▸ **PROVIDED MATERIAL**

++++++++++++++++++++

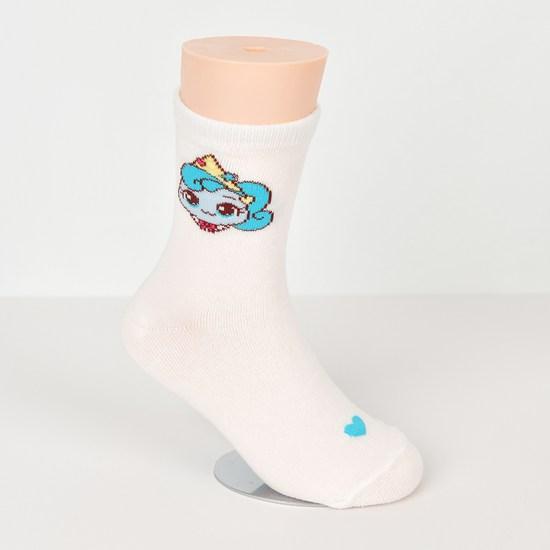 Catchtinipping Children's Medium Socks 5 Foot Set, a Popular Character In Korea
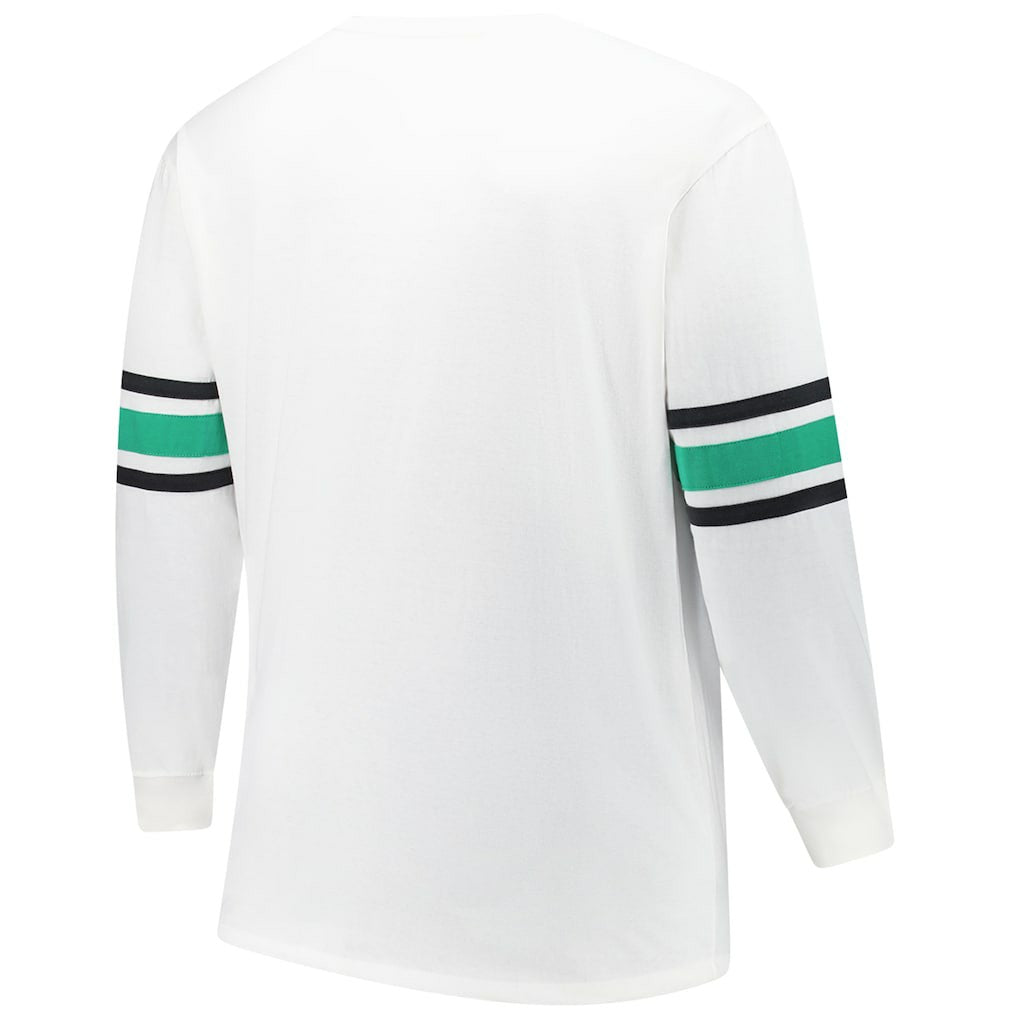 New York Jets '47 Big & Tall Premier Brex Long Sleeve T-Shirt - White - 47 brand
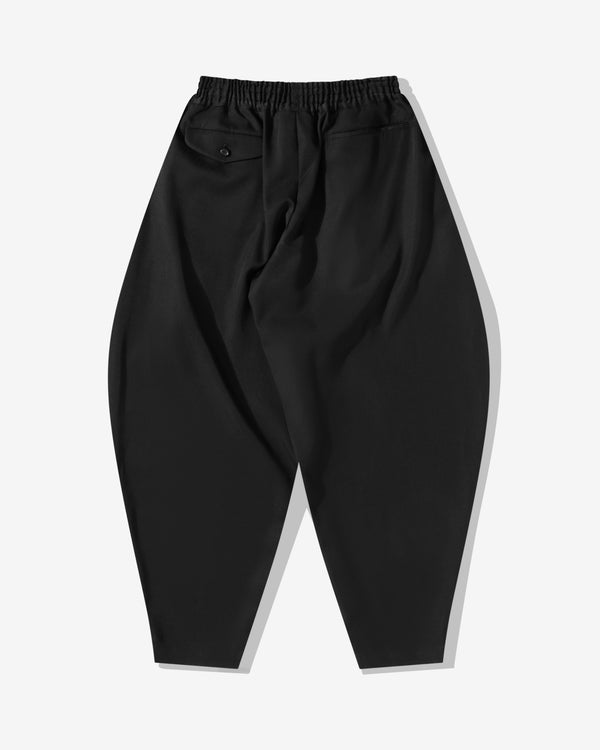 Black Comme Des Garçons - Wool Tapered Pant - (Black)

++++++++++++++++++++

▸ **PROBLEM STATEMENT**
Make an exact copy of the listing above, omitting the pictures.

▸ **EXPECTED ANSWER**
 Catchtinipping Children's Medium Socks 5 Foot Set, a Popular Character In Korea
 New York Jets '47 Big & Tall Premier Brex Long Sleeve T-Shirt - White - 47 brand
 Black Comme Des Garçons - Wool Tapered Pant - (Black)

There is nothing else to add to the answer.